Portland Street was an innovative property speculation by Richard Evamy, former saddler and now hop merchant, in the late 1820s and early 1830s. It was built on land occupied from the mid-eighteenth century by a large capital mansion house, with extensive gardens and outbuildings, the residence since c.1788, of Colonel James Morgan, originally of Purbrook Park near Waterlooville. Evamy purchased the estate in 1810 from his son. Following a succession of leases – including to the actress Sarah Siddons – the house was demolished in early 1826 (Southampton Herald, 27 February 1826, advertising the sale of 800,000 bricks, several thousand feet of excellent timber and 15 tons of lead for recycling). The same month 31 building lots were advertised on Evamy’s new development, which was planned as two terraces on either side of Portland Street with small lateral extensions taking in the eastern side of the proposed Portland Terrace. The lots typically had either 20-foot or 43-foot frontages. Lessees had three years from the date of the lease to build, at their own expense, a dwelling house – covering the whole street frontage - on each of the lots demised to them. Strict covenants, embracing the frontispiece, string course, plasters, pilasters, fillets, moulding, cornice, frontage and front walls, enforced a uniform appearance from street level.

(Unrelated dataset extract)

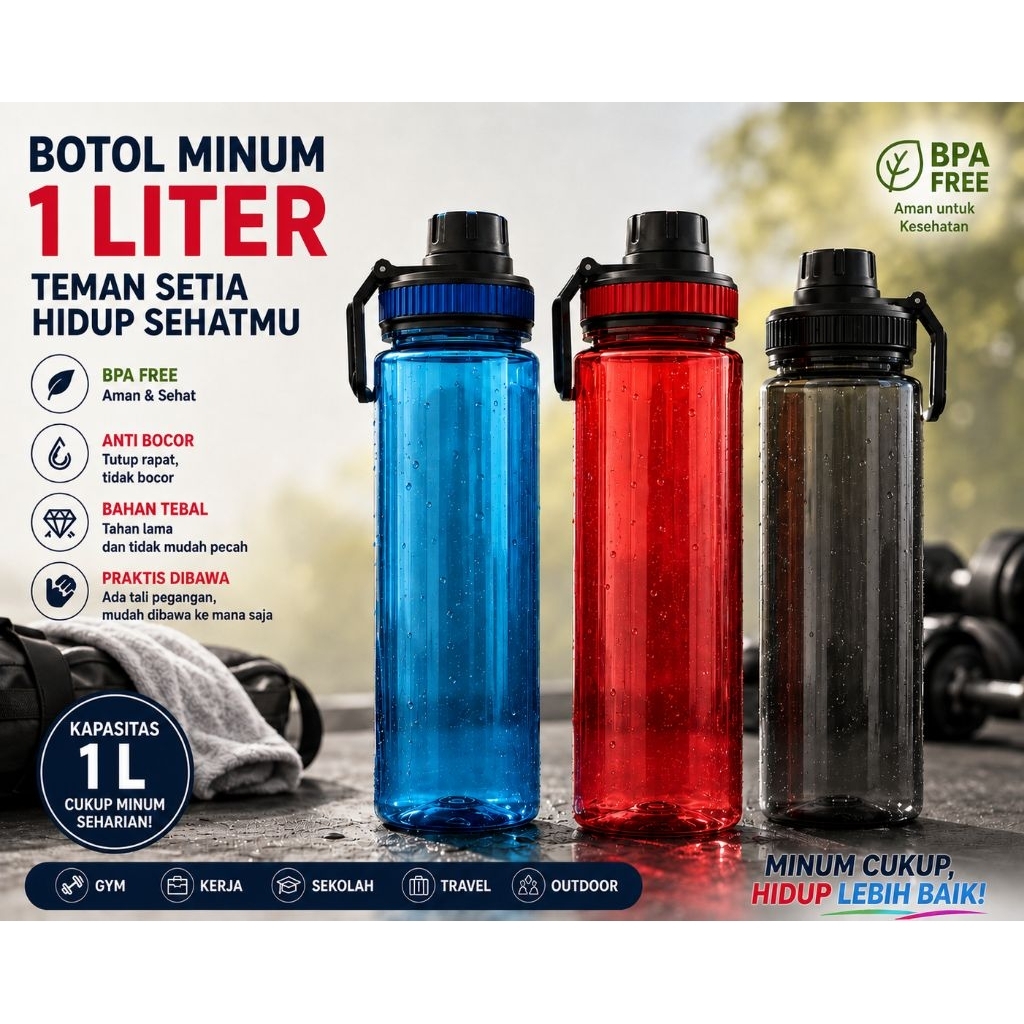 Botol Minum Portable Cup 1 Liter BPA Free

A template for the two permitted elevations was provided by Thomas Benham, architect and surveyor for the development. The front walls were to be stuccoed “with the colour of Portland Stone”: in line with contemporary fashion but no doubt also hiding any inconsistencies in the brick work. The sense of symmetry was reinforced by the lessee’s obligation to pave the footpath in front of their house with Purbeck footed paving and kerb stones. Strictly timetabled regimes for cleaning, painting and recolouring the stucco were prescribed to preserve “the external uniformity, beauty and general convenience of all the houses”. Whatever individuality was permitted, as in the provision of bow windows and balconies and the creation of an additional storey, was strictly controlled. Additional storeys, for example, could not be less than 7 feet high (see Southampton City Archives D/MW 62/1/2 for covenants attached to an agreement for 6 Portland Street dated 10 April 1826).

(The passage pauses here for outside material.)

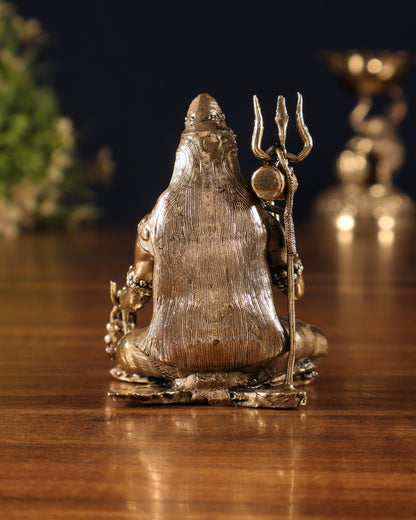 Pure Brass Superfine Blessing Lord Shiva Idol – 3" - Budhshiv.com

A significant number of the first lessees were in the building or allied trades. These included Charles Pardey and his brother-in-law Richard Hopkins Perkins, respectively builder and upholsterer/auctioneer (lots 1 to 6 and 30 and 31, with Pardey also lessee of no.7); Robert Barker and John Harvey, stonemasons (lots 5 and 6); Henry and William Henry Roe, builders and carpenters (lots 7 and 8); James King, plumber and glazier (lots 10 and 11); Thomas Batt, builder (lot 20); John Gill, builder (lot 23); John Foot, carpenter (lot 24); Thomas Benham, architect (lot 25) and William Pardey, builder (lot 30). There was little restriction on the layout of the houses beyond the outward street appearance. The houses could be built to any ground plan and could have “as many or as few windows at the back part as the lessee may think proper”. No.22 Portland Street was built purposely for a school (Salisbury Journal, 29 December 1828: advertisement for the Southampton Classical and Commercial Building School run Nathaniel King). No.2 Portland Street, with 15 bedrooms of various sizes, was a bespoke “boarding house in good taste” (Hampshire Advertiser, 10 July 1830).

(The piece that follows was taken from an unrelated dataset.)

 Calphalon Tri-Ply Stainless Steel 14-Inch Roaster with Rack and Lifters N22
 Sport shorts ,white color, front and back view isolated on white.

Development was necessarily piecemeal, with the majority of the houses probably dating between 1828 and 1832. The original intent was that the houses form residences for “small genteel families”. In the event, many of the houses became multiple tenancies. Richard Evamy by 1834 was a bankrupt.
The south side of the street was destroyed during the Blitz, but the north side survives. Nos 1-13 are Grade II listed.
For 63 years until 2002 Gilbert's Booksellers was at the Above Bar end of the street (number 2½).